### Material provided
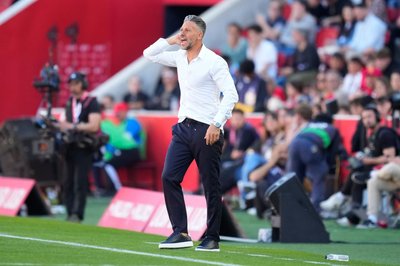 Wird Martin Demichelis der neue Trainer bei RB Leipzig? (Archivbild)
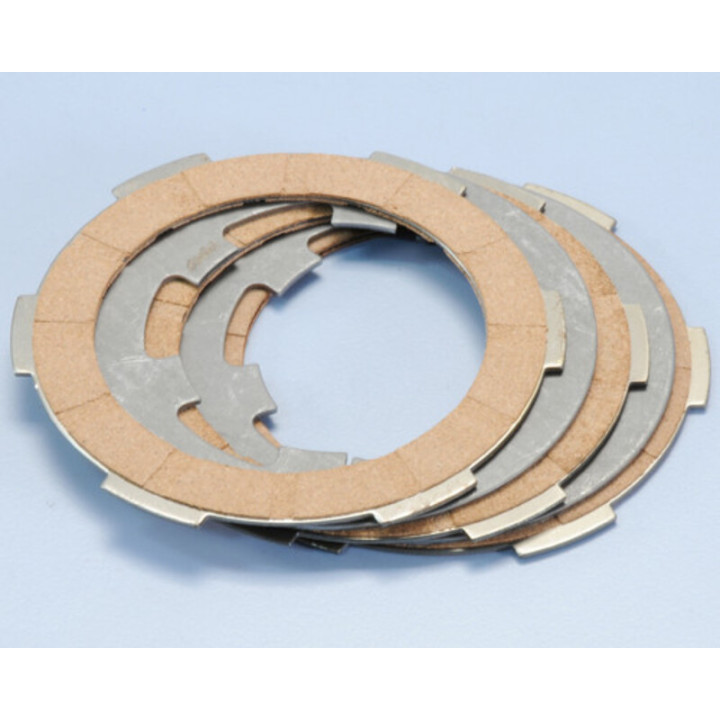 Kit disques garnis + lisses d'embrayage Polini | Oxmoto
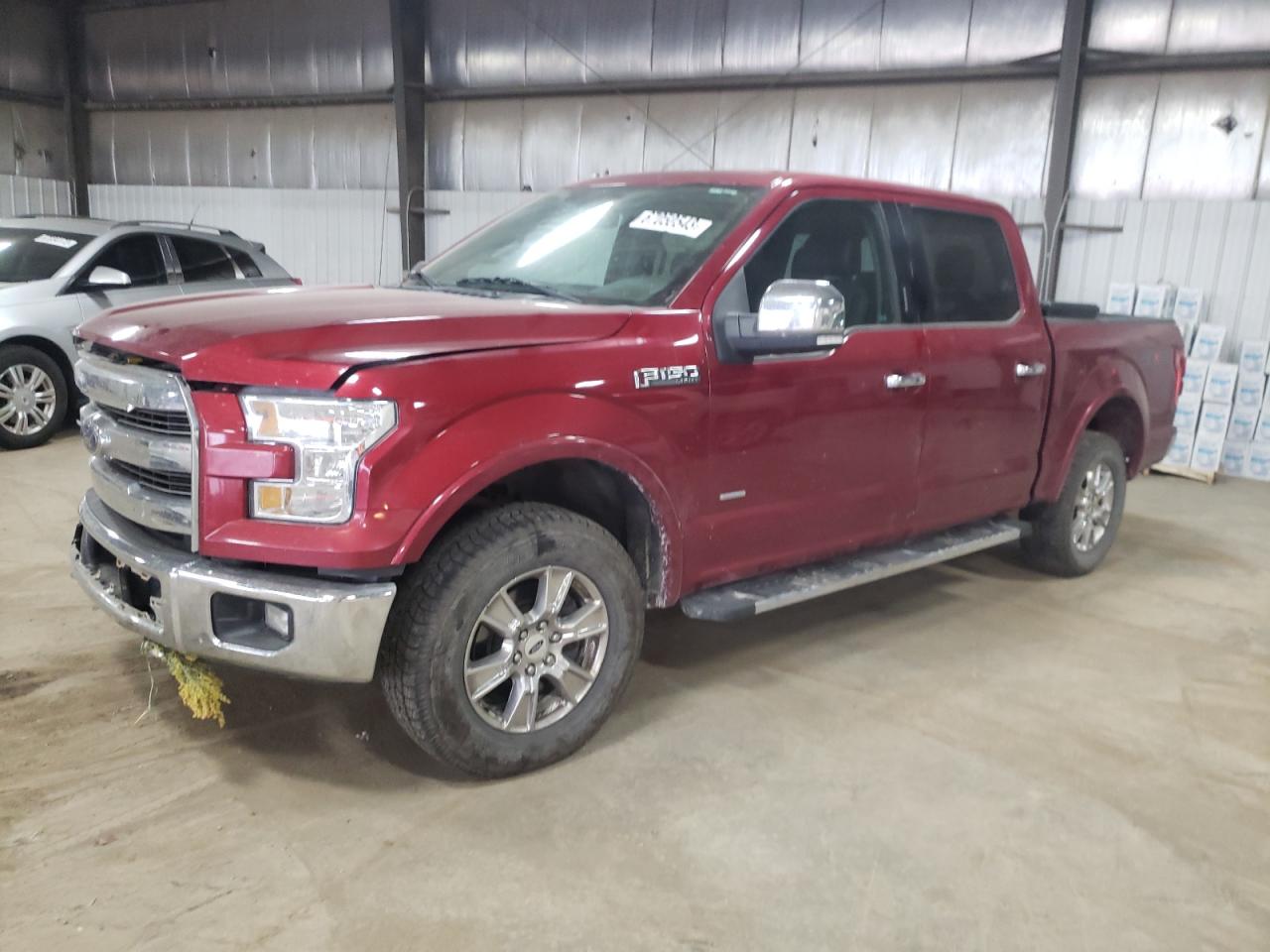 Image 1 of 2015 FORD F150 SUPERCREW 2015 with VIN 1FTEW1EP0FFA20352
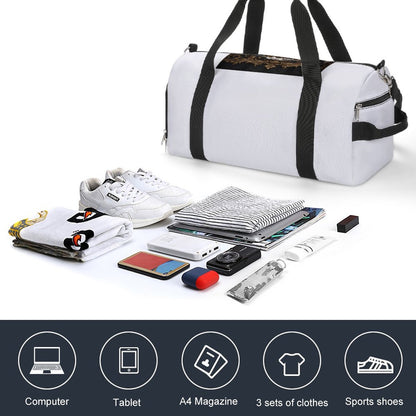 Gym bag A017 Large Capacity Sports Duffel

### Assigned task
From the line containing "Image 1 of 2015" down to the end of the listing above, every line is to be returned exactly, though the pictures are not.

### Answer for this exercise
 Image 1 of 2015 FORD F150 SUPERCREW 2015 with VIN 1FTEW1EP0FFA20352
 Gym bag A017 Large Capacity Sports Duffel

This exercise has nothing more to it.